Weather forecasts: Local and national predictions, sometimes even international.
Sporting results: Football scores, cricket tables, and racing results.
TV listings: Detailed schedules for the week ahead.
Travel and stock information: Flight times, stock prices, and public transport updates.
Quizzes, horoscopes, and jokes: Because fun mattered too.
The service even included rudimentary graphics, like colourful weather maps and simple animations, which made the pages feel alive.
How It Worked
Technically, teletext used vertical blanking interval (VBI) lines—parts of the TV signal that weren’t used to display the picture. Text and graphics were encoded in these lines, sent alongside the normal broadcast. TVs with teletext decoders could read this information and display it as readable pages.
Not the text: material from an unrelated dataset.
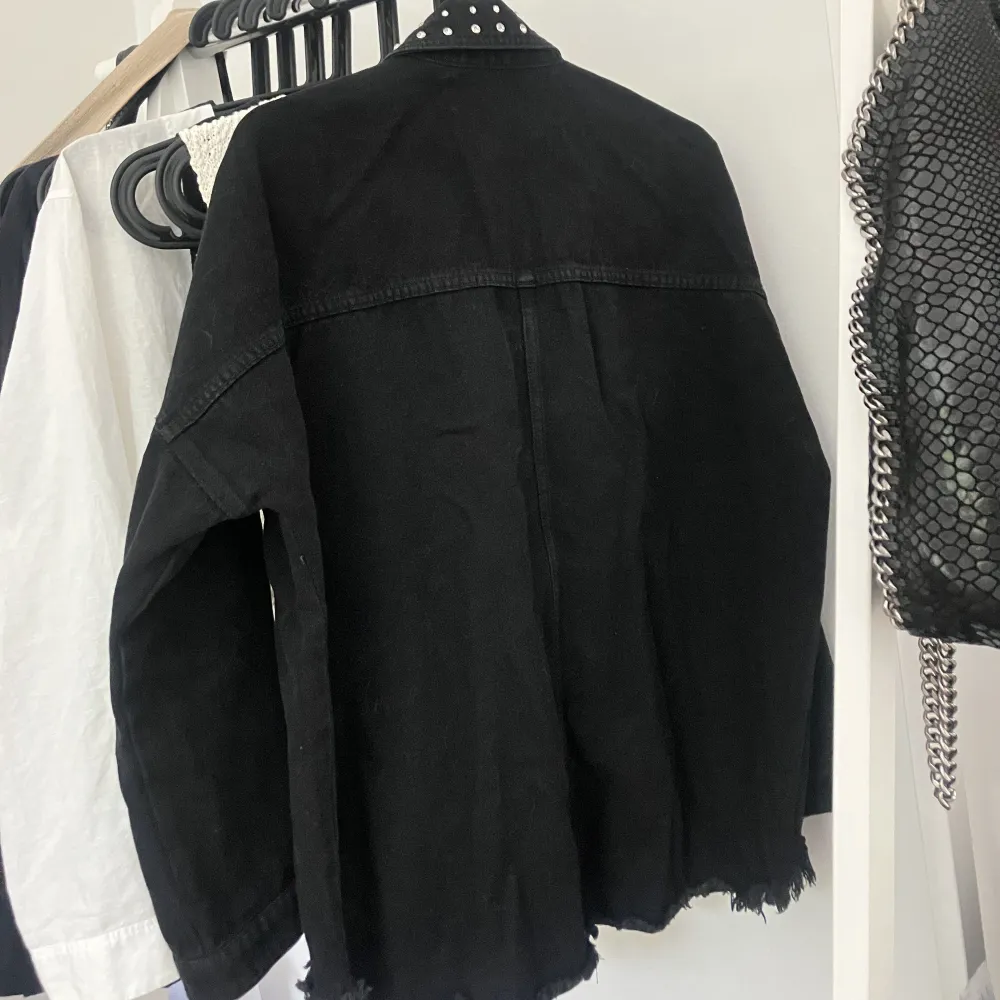 Cool svart jeansjacka från Zara med silvriga detaljer⭐️  Jeansmaterialet är tunnare vilket gör att jackan är perfekt nu i sommar/tidig höst🤩. Jackor.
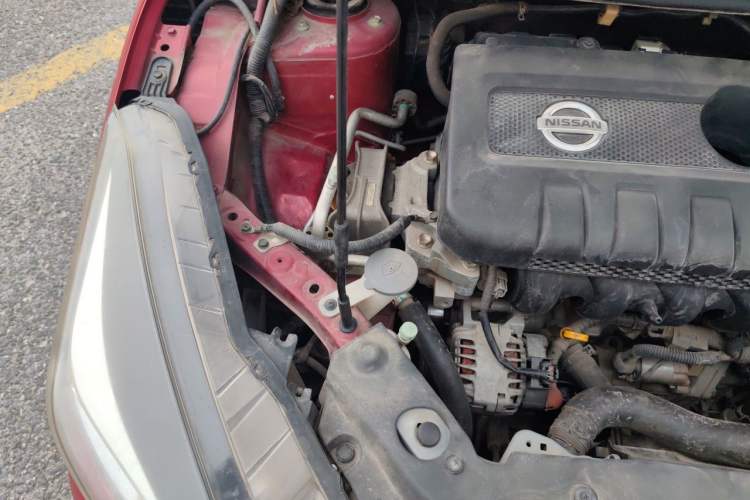 Used Nissan Lannia 2016 1.6L CVT Smart Cool Edition Engine Bay Right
Users would enter the page number they wanted to see, and the system would cycle through the pages until it reached the one requested. It was slow by today’s standards—sometimes several seconds per page—but it worked, and it was addictive.
Ceefax vs ORACLE
Ceefax (BBC): Focused on news, education, and public service content. It was seen as the authoritative source for reliable information.
ORACLE (ITV): Had a slightly more commercial feel, often featuring entertainment, TV listings, and competitions.
Together, they defined an era in which information was just a button press away, long before the internet became part of everyday life.
Legacy
Teletext may seem quaint now, but it was a huge step in information accessibility. It trained a generation to look for instant answers, and it paved the way for online services in the 1990s. Without Ceefax and ORACLE, the first online news services might have felt a lot less familiar.
For many Gen Xers, flicking through those blocky pages was more than information—it was a daily ritual, a connection to the wider world from the comfort of your living room.
Even in the digital age, teletext remains an icon of pre-internet ingenuity.